ND vom 3.11.05Studenten, schaut auf dieses Land!
Gegner von Studiengebühren hoffen auf Protest in Baden-Württemberg
Von Peter Nowak
In verschiedenen Bundesländern mobilisieren Studierende gegen die drohende
Einführung von Studiengebühren. Schwerpunkt ist dabei Baden-Württemberg, das
so rasch wie möglich Studierende zur Kasse bitten
will. Das Wintersemester an den Hochschulen hat kaum begonnen und schon werden die
ersten Proteste gemeldet. In Bielefeld sind am 20. Oktober Hunderte
Studierende vom Rathaus zur Universität gezogen. Die konservativ-liberale
Landesregierung von NRW will demnächst Ernst machen mit der Einführung von
Studiengebühren. Die Proteste aber sind noch recht spärlich.

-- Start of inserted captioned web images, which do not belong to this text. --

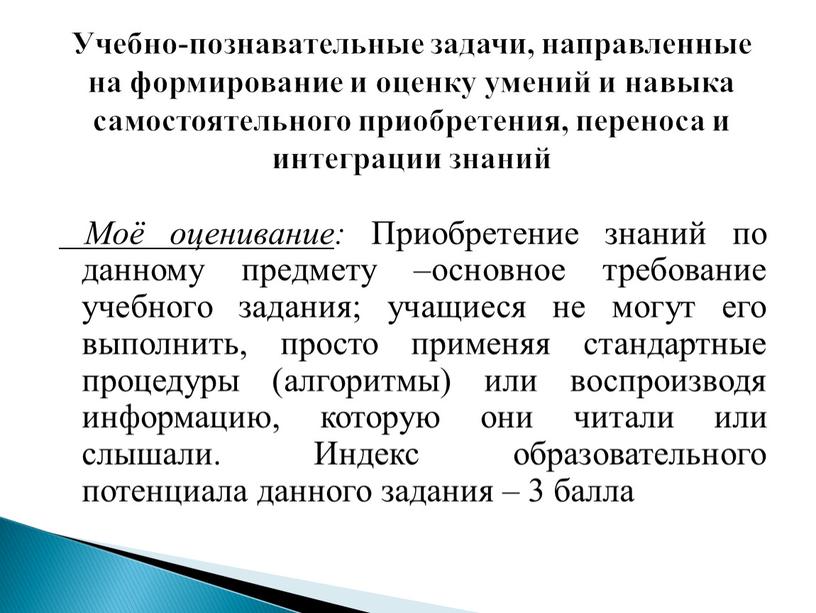 Моё оценивание : Приобретение знаний по данному предмету –основное требование учебного задания; учащиеся не могут его выполнить, просто применяя стандартные процедуры (алгоритмы) или воспроизводя информацию,…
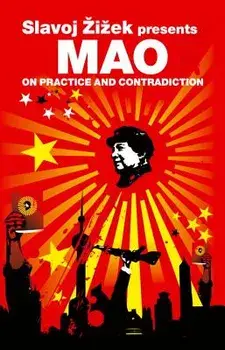 On Practice and Contradiction, Paperback/Mao Tse-Tung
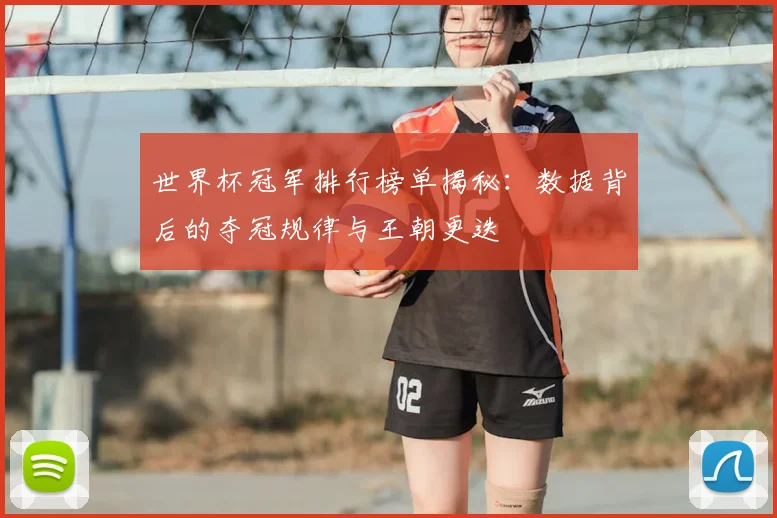世界杯冠军排行榜单揭秘：数据背后的夺冠规律与王朝更迭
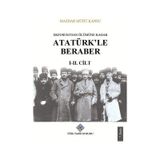 Erzurum'dan Ölümüne Kadar Atatürk'le Beraber (I-II.Cilt Takım)...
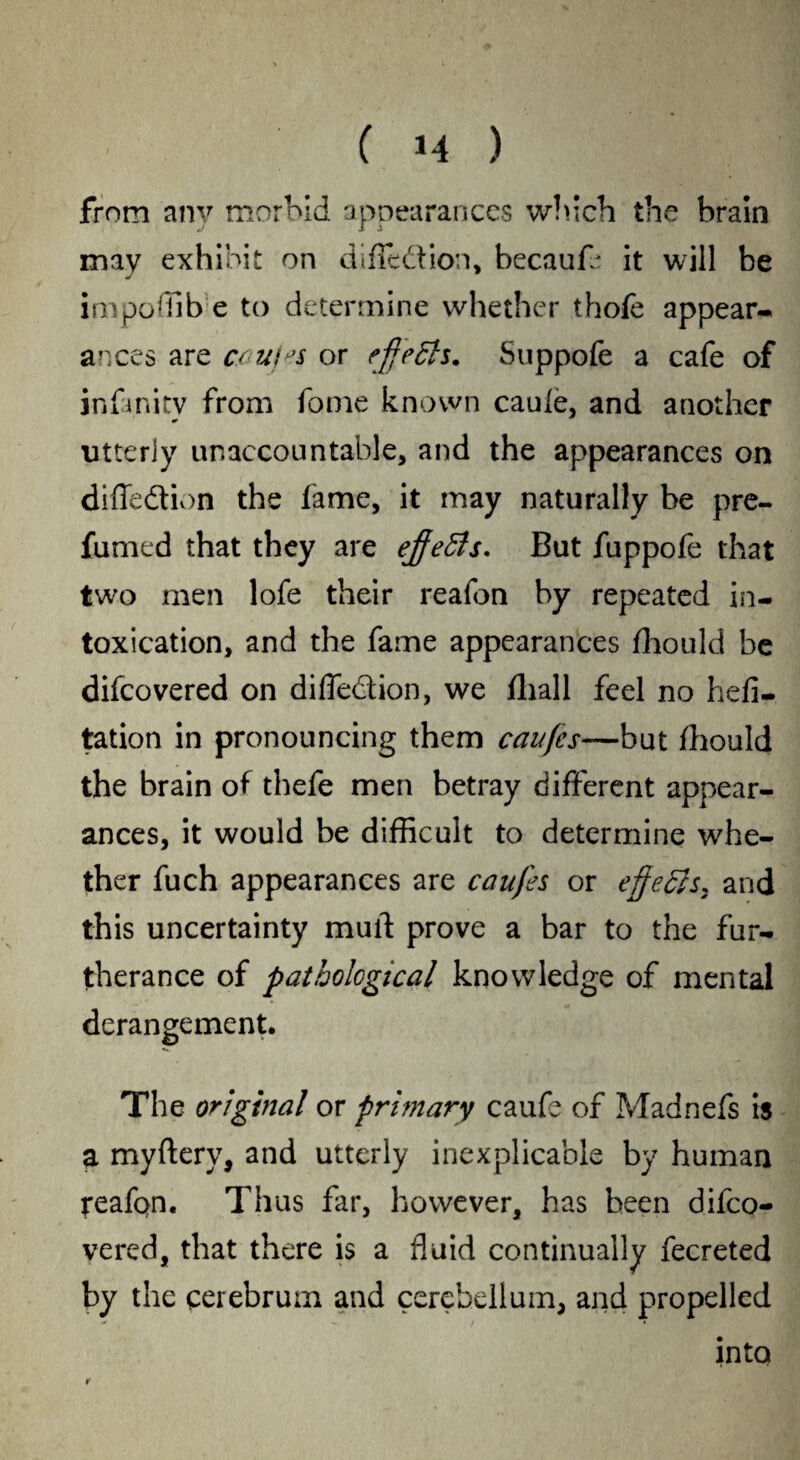 from any morbid appearances which the brain imv exhibit on diffedion, becauf* it will be impoffib e to determine whether thofe appear¬ ances are cau/ts or ejje£h. Suppofe a cafe of infinity from fome known caule, and another utterly unaccountable, and the appearances on diffedion the fame, it may naturally be pre¬ fumed that they are ejfetts. But fuppofe that two men lofe their reafon by repeated in¬ toxication, and the fame appearances fhould be difcovered on diffedion, we fliall feel no hefi- tation in pronouncing them caufcs—but fhould the brain of thefe men betray different appear¬ ances, it would be difficult to determine whe¬ ther fuch appearances are caufes or effects* and this uncertainty mull prove a bar to the fur¬ therance of pathological knowledge of mental derangement. The original or primary caufe of Madnefs is a myftery, and utterly inexplicable by human reafon. Thus far, however, has been difco- yered, that there is a fluid continually fecreted by the cerebrum and cerebellum, and propelled into r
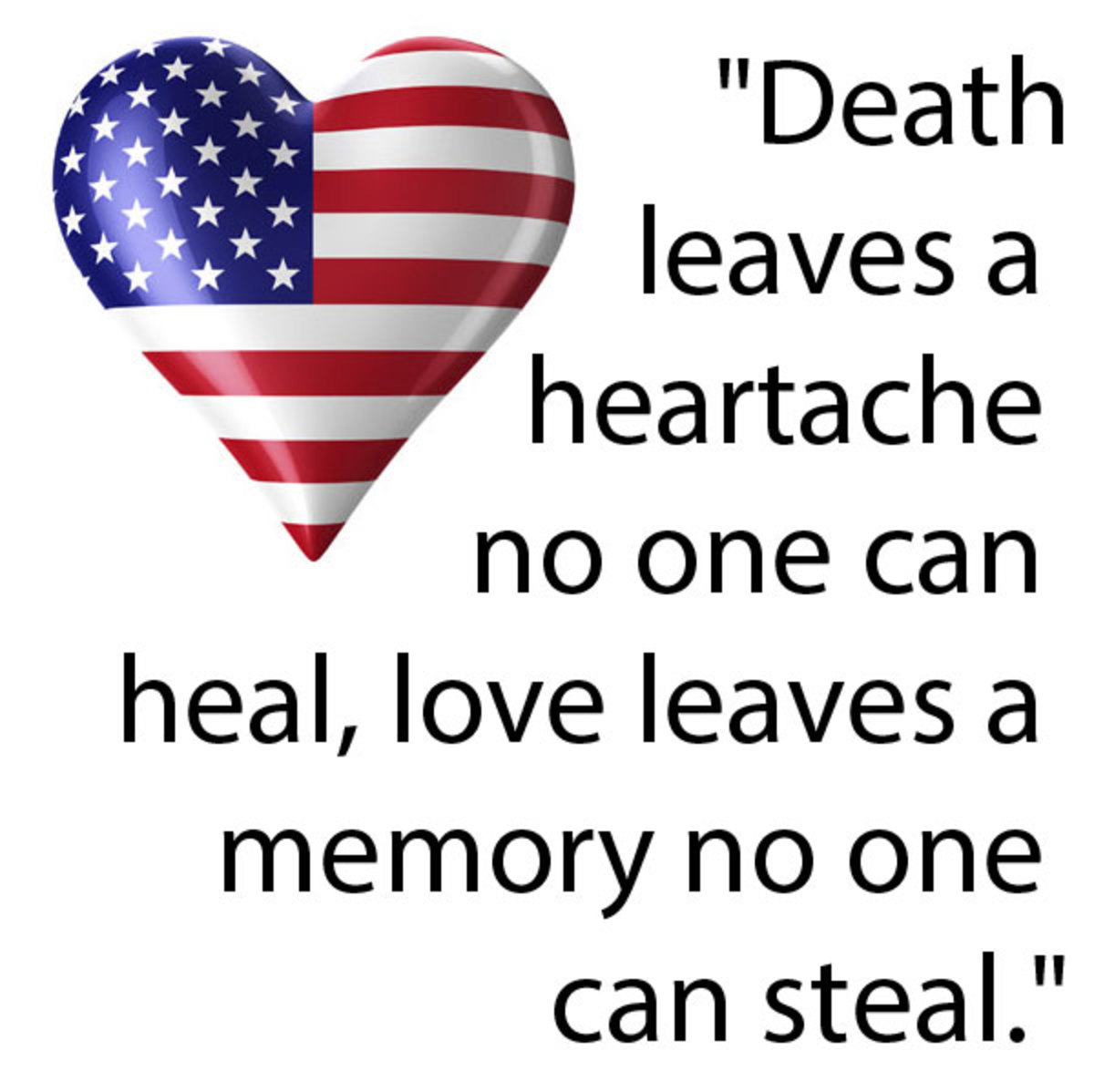 Death leaves a heartache no one can heal, love leaves a memory no one can steal.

Damit steht Nordrhein-Westfalen nicht allein. Auch in den CDU-regierten
Bundesländern Baden-Württemberg und Niedersachsen werden Gesetzesentwürfe
zur Einführung der Studiengebühren vorbereitet. Baden-Württemberg spielt
hierbei den Vorreiter. Ab dem Sommersemester 2007 sollen in
Baden-Württemberg nach den Plänen der Landesregierung Gebühren erhoben
werden. Am 30. November soll das Gesetz in erster Lesung im Stuttgarter
Landtag behandelt werden. Für diesen Tag rufen Gewerkschaften,
Studentenvertretungen und die Jugendorganisation der Linkspartei, Solid, zu
einen landesweiten Aktions- und Protesttag in ganz Baden-Württemberg auf.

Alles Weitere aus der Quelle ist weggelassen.